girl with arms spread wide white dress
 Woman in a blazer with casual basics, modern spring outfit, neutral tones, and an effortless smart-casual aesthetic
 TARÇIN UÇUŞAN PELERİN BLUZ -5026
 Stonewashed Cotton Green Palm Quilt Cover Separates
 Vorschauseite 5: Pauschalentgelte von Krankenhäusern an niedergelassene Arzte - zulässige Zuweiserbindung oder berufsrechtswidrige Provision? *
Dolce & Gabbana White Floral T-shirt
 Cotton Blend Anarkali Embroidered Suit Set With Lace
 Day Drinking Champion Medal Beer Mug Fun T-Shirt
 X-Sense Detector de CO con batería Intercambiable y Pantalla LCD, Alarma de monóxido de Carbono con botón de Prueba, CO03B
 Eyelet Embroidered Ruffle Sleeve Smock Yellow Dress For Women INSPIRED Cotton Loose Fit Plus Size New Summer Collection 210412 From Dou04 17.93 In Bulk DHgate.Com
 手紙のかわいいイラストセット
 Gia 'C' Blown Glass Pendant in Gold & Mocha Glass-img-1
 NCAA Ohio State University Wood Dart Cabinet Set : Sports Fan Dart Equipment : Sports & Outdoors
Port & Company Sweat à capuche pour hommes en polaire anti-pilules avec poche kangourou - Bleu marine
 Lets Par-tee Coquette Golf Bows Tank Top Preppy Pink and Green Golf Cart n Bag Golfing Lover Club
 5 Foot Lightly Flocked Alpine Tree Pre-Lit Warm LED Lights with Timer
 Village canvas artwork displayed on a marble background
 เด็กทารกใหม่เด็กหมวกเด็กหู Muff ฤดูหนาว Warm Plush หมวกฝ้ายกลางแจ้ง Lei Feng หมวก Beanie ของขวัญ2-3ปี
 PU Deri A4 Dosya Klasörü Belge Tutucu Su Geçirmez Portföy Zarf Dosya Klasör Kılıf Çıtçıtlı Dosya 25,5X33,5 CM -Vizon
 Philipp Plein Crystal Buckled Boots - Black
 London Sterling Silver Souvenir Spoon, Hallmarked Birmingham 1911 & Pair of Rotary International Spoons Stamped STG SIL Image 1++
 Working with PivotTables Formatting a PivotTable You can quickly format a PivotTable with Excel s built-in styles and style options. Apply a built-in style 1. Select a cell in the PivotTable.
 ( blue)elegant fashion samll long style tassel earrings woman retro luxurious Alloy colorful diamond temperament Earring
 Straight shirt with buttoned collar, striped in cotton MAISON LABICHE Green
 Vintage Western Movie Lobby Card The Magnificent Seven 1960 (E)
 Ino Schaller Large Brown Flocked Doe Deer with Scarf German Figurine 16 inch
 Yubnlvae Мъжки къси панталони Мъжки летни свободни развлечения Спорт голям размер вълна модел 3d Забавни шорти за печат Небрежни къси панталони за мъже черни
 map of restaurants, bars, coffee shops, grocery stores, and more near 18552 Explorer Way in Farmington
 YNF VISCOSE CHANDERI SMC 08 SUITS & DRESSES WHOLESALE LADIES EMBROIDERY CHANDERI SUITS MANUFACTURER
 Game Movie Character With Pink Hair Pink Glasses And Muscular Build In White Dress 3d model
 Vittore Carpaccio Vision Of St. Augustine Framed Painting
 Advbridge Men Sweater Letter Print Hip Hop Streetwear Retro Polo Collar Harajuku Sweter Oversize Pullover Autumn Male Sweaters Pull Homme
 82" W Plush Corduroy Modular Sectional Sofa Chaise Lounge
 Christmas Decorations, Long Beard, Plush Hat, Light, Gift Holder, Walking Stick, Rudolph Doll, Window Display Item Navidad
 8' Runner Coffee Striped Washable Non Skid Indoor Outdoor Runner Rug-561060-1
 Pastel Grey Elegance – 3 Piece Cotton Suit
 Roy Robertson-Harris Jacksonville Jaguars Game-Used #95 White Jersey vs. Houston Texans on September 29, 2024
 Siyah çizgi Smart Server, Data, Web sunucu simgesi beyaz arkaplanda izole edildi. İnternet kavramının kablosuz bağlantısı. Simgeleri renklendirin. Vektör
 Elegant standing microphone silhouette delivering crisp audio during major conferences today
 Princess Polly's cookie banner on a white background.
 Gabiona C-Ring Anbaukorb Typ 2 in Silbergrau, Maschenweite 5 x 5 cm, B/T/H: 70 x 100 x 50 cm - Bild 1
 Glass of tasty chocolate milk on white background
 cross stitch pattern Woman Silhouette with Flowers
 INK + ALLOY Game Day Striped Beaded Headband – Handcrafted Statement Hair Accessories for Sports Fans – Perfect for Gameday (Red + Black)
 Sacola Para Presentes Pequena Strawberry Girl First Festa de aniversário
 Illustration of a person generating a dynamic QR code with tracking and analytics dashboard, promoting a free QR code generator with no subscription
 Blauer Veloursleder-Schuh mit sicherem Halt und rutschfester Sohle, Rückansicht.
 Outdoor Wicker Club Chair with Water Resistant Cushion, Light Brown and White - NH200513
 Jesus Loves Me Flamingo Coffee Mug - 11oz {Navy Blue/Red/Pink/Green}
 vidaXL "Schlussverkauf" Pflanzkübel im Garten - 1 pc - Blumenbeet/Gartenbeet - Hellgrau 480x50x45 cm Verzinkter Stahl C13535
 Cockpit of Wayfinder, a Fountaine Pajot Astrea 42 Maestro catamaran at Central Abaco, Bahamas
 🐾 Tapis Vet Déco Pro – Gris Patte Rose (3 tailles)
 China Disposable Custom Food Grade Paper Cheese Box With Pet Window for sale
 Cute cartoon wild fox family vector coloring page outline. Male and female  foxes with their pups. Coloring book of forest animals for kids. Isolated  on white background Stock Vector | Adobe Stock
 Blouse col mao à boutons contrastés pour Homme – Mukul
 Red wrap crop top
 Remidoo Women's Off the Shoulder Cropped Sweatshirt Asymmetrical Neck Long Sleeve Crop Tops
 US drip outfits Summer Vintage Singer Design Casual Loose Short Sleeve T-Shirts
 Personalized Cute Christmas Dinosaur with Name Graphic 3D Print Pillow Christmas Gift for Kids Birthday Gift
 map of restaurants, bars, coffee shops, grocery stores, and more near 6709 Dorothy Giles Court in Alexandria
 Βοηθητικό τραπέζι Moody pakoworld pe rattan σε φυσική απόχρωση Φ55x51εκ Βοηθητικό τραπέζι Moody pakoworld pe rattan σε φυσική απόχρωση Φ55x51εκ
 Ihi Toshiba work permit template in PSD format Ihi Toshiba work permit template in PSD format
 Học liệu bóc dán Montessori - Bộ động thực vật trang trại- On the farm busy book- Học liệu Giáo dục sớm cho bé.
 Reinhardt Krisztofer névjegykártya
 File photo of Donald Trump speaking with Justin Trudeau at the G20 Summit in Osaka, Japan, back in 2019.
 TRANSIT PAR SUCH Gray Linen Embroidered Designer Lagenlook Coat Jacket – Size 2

WHAT TO PRODUCE » Output every record without changing any wording.

EXPECTED ANSWER »
girl with arms spread wide white dress
 Woman in a blazer with casual basics, modern spring outfit, neutral tones, and an effortless smart-casual aesthetic
 TARÇIN UÇUŞAN PELERİN BLUZ -5026
 Stonewashed Cotton Green Palm Quilt Cover Separates
 Vorschauseite 5: Pauschalentgelte von Krankenhäusern an niedergelassene Arzte - zulässige Zuweiserbindung oder berufsrechtswidrige Provision? *
Dolce & Gabbana White Floral T-shirt
 Cotton Blend Anarkali Embroidered Suit Set With Lace
 Day Drinking Champion Medal Beer Mug Fun T-Shirt
 X-Sense Detector de CO con batería Intercambiable y Pantalla LCD, Alarma de monóxido de Carbono con botón de Prueba, CO03B
 Eyelet Embroidered Ruffle Sleeve Smock Yellow Dress For Women INSPIRED Cotton Loose Fit Plus Size New Summer Collection 210412 From Dou04 17.93 In Bulk DHgate.Com
 手紙のかわいいイラストセット
 Gia 'C' Blown Glass Pendant in Gold & Mocha Glass-img-1
 NCAA Ohio State University Wood Dart Cabinet Set : Sports Fan Dart Equipment : Sports & Outdoors
Port & Company Sweat à capuche pour hommes en polaire anti-pilules avec poche kangourou - Bleu marine
 Lets Par-tee Coquette Golf Bows Tank Top Preppy Pink and Green Golf Cart n Bag Golfing Lover Club
 5 Foot Lightly Flocked Alpine Tree Pre-Lit Warm LED Lights with Timer
 Village canvas artwork displayed on a marble background
 เด็กทารกใหม่เด็กหมวกเด็กหู Muff ฤดูหนาว Warm Plush หมวกฝ้ายกลางแจ้ง Lei Feng หมวก Beanie ของขวัญ2-3ปี
 PU Deri A4 Dosya Klasörü Belge Tutucu Su Geçirmez Portföy Zarf Dosya Klasör Kılıf Çıtçıtlı Dosya 25,5X33,5 CM -Vizon
 Philipp Plein Crystal Buckled Boots - Black
 London Sterling Silver Souvenir Spoon, Hallmarked Birmingham 1911 & Pair of Rotary International Spoons Stamped STG SIL Image 1++
 Working with PivotTables Formatting a PivotTable You can quickly format a PivotTable with Excel s built-in styles and style options. Apply a built-in style 1. Select a cell in the PivotTable.
 ( blue)elegant fashion samll long style tassel earrings woman retro luxurious Alloy colorful diamond temperament Earring
 Straight shirt with buttoned collar, striped in cotton MAISON LABICHE Green
 Vintage Western Movie Lobby Card The Magnificent Seven 1960 (E)
 Ino Schaller Large Brown Flocked Doe Deer with Scarf German Figurine 16 inch
 Yubnlvae Мъжки къси панталони Мъжки летни свободни развлечения Спорт голям размер вълна модел 3d Забавни шорти за печат Небрежни къси панталони за мъже черни
 map of restaurants, bars, coffee shops, grocery stores, and more near 18552 Explorer Way in Farmington
 YNF VISCOSE CHANDERI SMC 08 SUITS & DRESSES WHOLESALE LADIES EMBROIDERY CHANDERI SUITS MANUFACTURER
 Game Movie Character With Pink Hair Pink Glasses And Muscular Build In White Dress 3d model
 Vittore Carpaccio Vision Of St. Augustine Framed Painting
 Advbridge Men Sweater Letter Print Hip Hop Streetwear Retro Polo Collar Harajuku Sweter Oversize Pullover Autumn Male Sweaters Pull Homme
 82" W Plush Corduroy Modular Sectional Sofa Chaise Lounge
 Christmas Decorations, Long Beard, Plush Hat, Light, Gift Holder, Walking Stick, Rudolph Doll, Window Display Item Navidad
 8' Runner Coffee Striped Washable Non Skid Indoor Outdoor Runner Rug-561060-1
 Pastel Grey Elegance – 3 Piece Cotton Suit
 Roy Robertson-Harris Jacksonville Jaguars Game-Used #95 White Jersey vs. Houston Texans on September 29, 2024
 Siyah çizgi Smart Server, Data, Web sunucu simgesi beyaz arkaplanda izole edildi. İnternet kavramının kablosuz bağlantısı. Simgeleri renklendirin. Vektör
 Elegant standing microphone silhouette delivering crisp audio during major conferences today
 Princess Polly's cookie banner on a white background.
 Gabiona C-Ring Anbaukorb Typ 2 in Silbergrau, Maschenweite 5 x 5 cm, B/T/H: 70 x 100 x 50 cm - Bild 1
 Glass of tasty chocolate milk on white background
 cross stitch pattern Woman Silhouette with Flowers
 INK + ALLOY Game Day Striped Beaded Headband – Handcrafted Statement Hair Accessories for Sports Fans – Perfect for Gameday (Red + Black)
 Sacola Para Presentes Pequena Strawberry Girl First Festa de aniversário
 Illustration of a person generating a dynamic QR code with tracking and analytics dashboard, promoting a free QR code generator with no subscription
 Blauer Veloursleder-Schuh mit sicherem Halt und rutschfester Sohle, Rückansicht.
 Outdoor Wicker Club Chair with Water Resistant Cushion, Light Brown and White - NH200513
 Jesus Loves Me Flamingo Coffee Mug - 11oz {Navy Blue/Red/Pink/Green}
 vidaXL "Schlussverkauf" Pflanzkübel im Garten - 1 pc - Blumenbeet/Gartenbeet - Hellgrau 480x50x45 cm Verzinkter Stahl C13535
 Cockpit of Wayfinder, a Fountaine Pajot Astrea 42 Maestro catamaran at Central Abaco, Bahamas
 🐾 Tapis Vet Déco Pro – Gris Patte Rose (3 tailles)
 China Disposable Custom Food Grade Paper Cheese Box With Pet Window for sale
 Cute cartoon wild fox family vector coloring page outline. Male and female  foxes with their pups. Coloring book of forest animals for kids. Isolated  on white background Stock Vector | Adobe Stock
 Blouse col mao à boutons contrastés pour Homme – Mukul
 Red wrap crop top
 Remidoo Women's Off the Shoulder Cropped Sweatshirt Asymmetrical Neck Long Sleeve Crop Tops
 US drip outfits Summer Vintage Singer Design Casual Loose Short Sleeve T-Shirts
 Personalized Cute Christmas Dinosaur with Name Graphic 3D Print Pillow Christmas Gift for Kids Birthday Gift
 map of restaurants, bars, coffee shops, grocery stores, and more near 6709 Dorothy Giles Court in Alexandria
 Βοηθητικό τραπέζι Moody pakoworld pe rattan σε φυσική απόχρωση Φ55x51εκ Βοηθητικό τραπέζι Moody pakoworld pe rattan σε φυσική απόχρωση Φ55x51εκ
 Ihi Toshiba work permit template in PSD format Ihi Toshiba work permit template in PSD format
 Học liệu bóc dán Montessori - Bộ động thực vật trang trại- On the farm busy book- Học liệu Giáo dục sớm cho bé.
 Reinhardt Krisztofer névjegykártya
 File photo of Donald Trump speaking with Justin Trudeau at the G20 Summit in Osaka, Japan, back in 2019.
 TRANSIT PAR SUCH Gray Linen Embroidered Designer Lagenlook Coat Jacket – Size 2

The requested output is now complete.